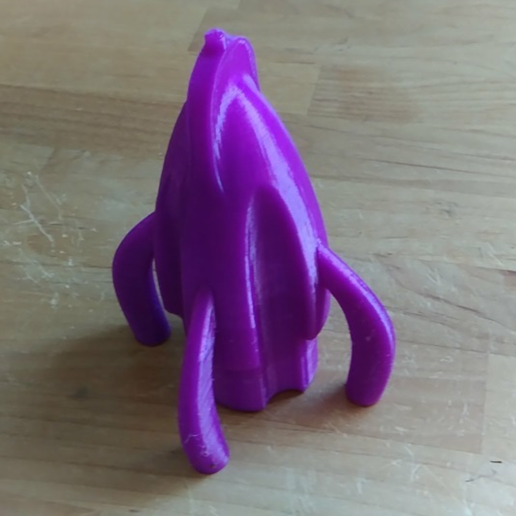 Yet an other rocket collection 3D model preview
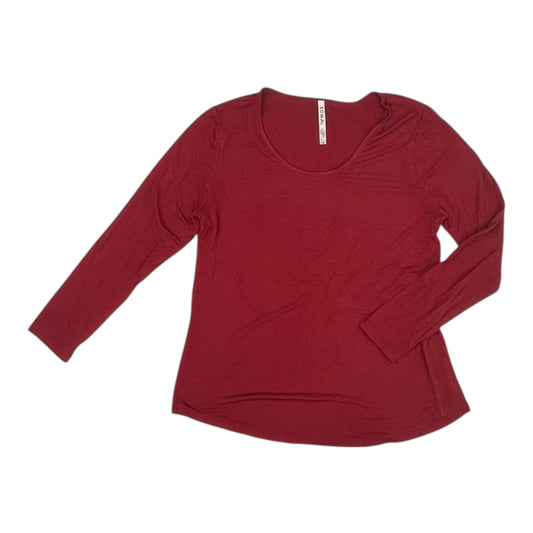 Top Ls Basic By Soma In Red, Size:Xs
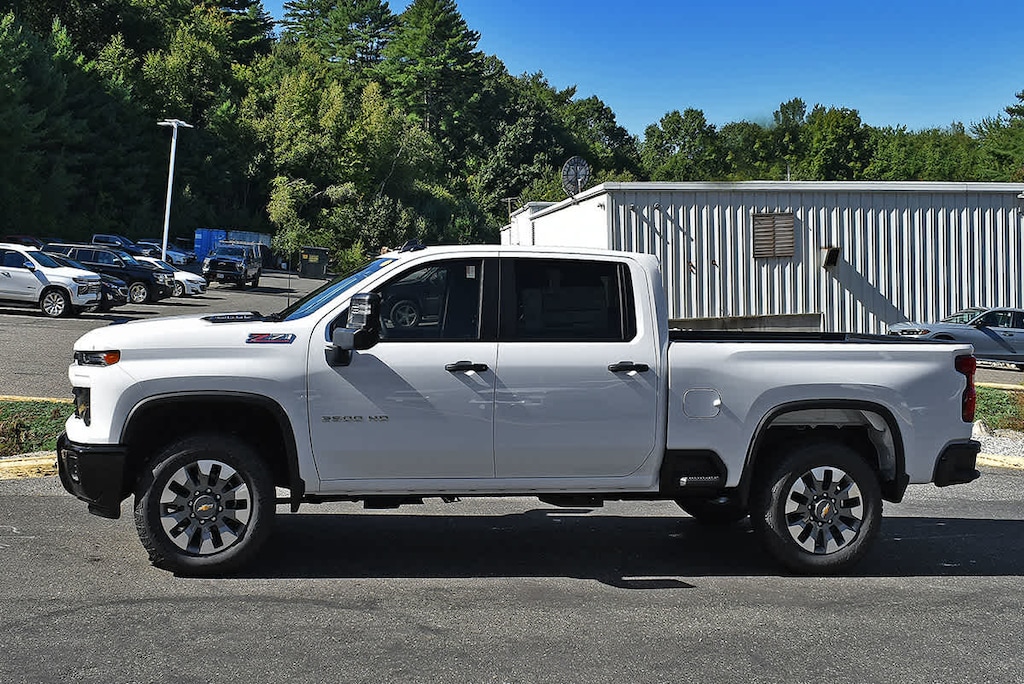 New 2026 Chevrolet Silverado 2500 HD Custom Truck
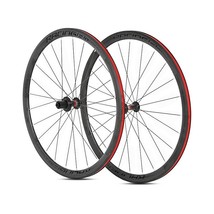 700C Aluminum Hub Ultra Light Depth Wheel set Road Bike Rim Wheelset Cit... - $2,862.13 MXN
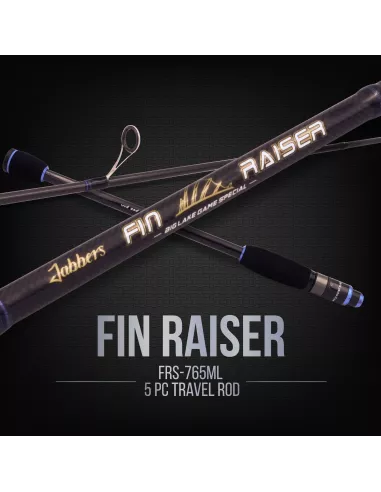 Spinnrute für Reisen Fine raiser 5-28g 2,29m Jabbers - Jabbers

◆ To do
Repeat the lines of the records verbatim, starting at the line containing "700C Aluminum Hub" and stopping after the final line. Images stay out.

◆ Output for this task
 700C Aluminum Hub Ultra Light Depth Wheel set Road Bike Rim Wheelset Cit... - $2,862.13 MXN
 Spinnrute für Reisen Fine raiser 5-28g 2,29m Jabbers - Jabbers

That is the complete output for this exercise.